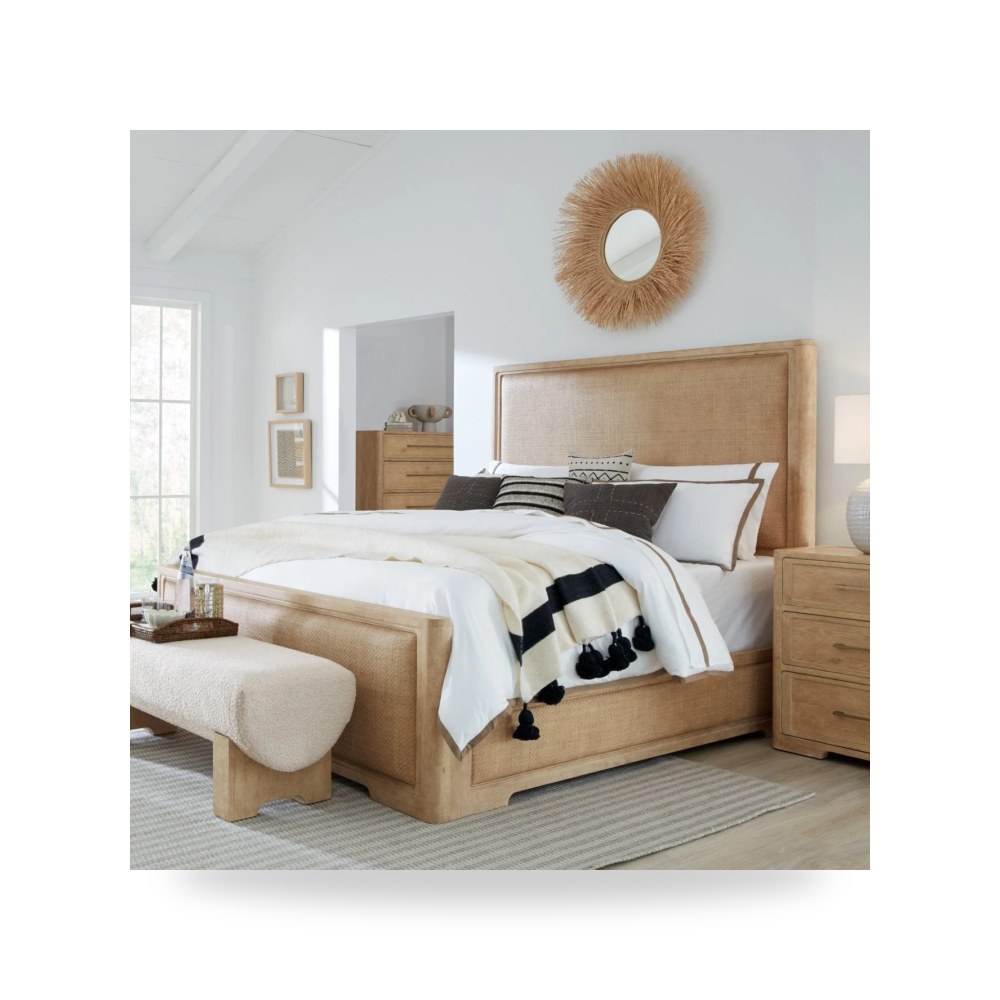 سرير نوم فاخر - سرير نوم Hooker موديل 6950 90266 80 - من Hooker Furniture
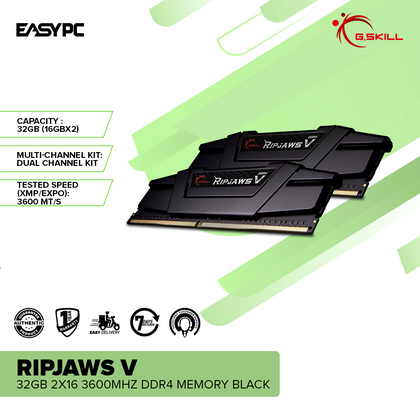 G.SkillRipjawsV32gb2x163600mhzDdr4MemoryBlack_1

...

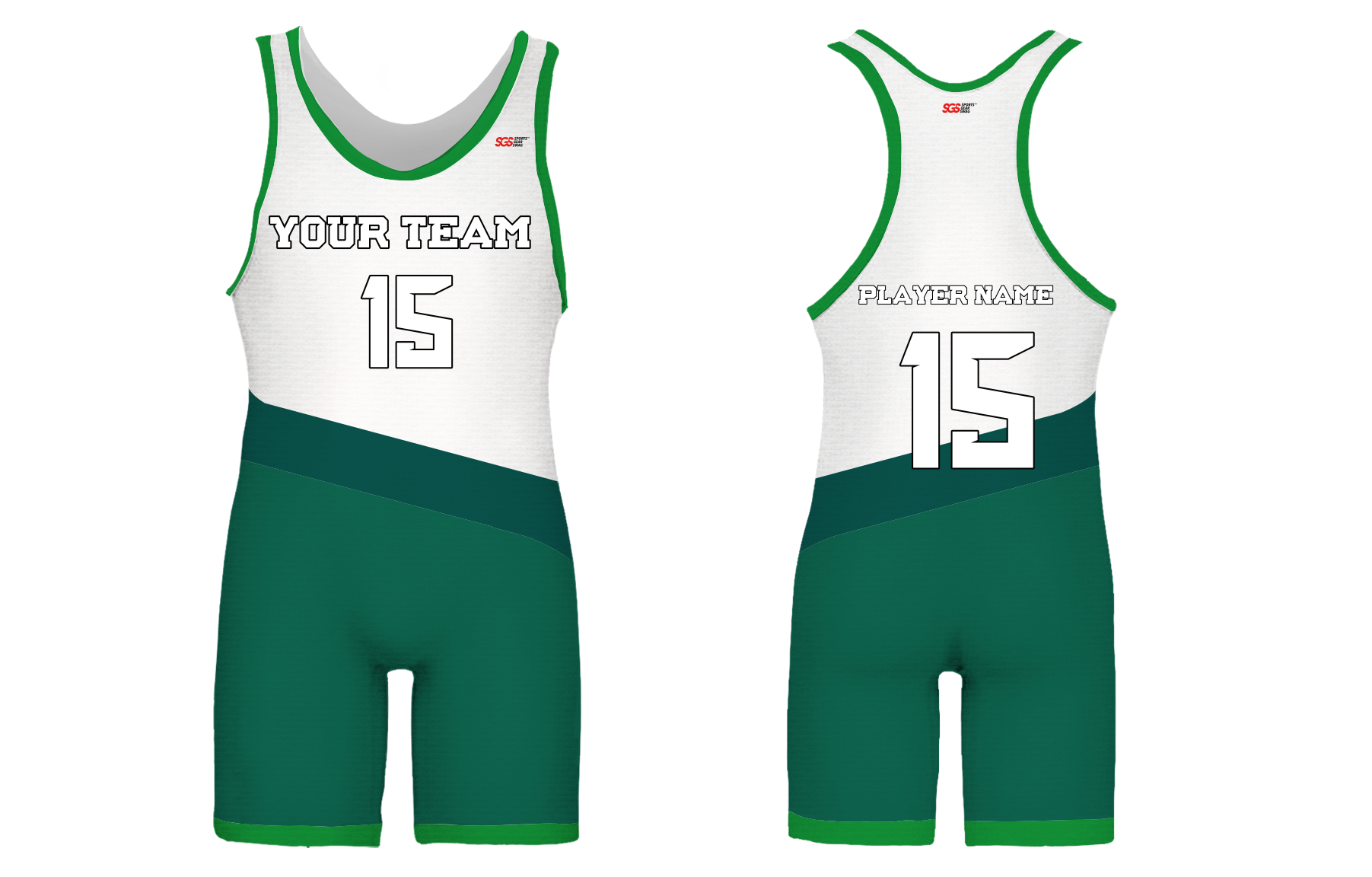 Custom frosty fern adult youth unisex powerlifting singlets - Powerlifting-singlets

Action item:
With the pictures left out, write out exactly the lines above from the one containing "سرير نوم فاخر" through the one containing "G.SkillRipjawsV32gb2x163600mhzDdr4MemoryBlack_1".

Exercise answer:
 سرير نوم فاخر - سرير نوم Hooker موديل 6950 90266 80 - من Hooker Furniture
 G.SkillRipjawsV32gb2x163600mhzDdr4MemoryBlack_1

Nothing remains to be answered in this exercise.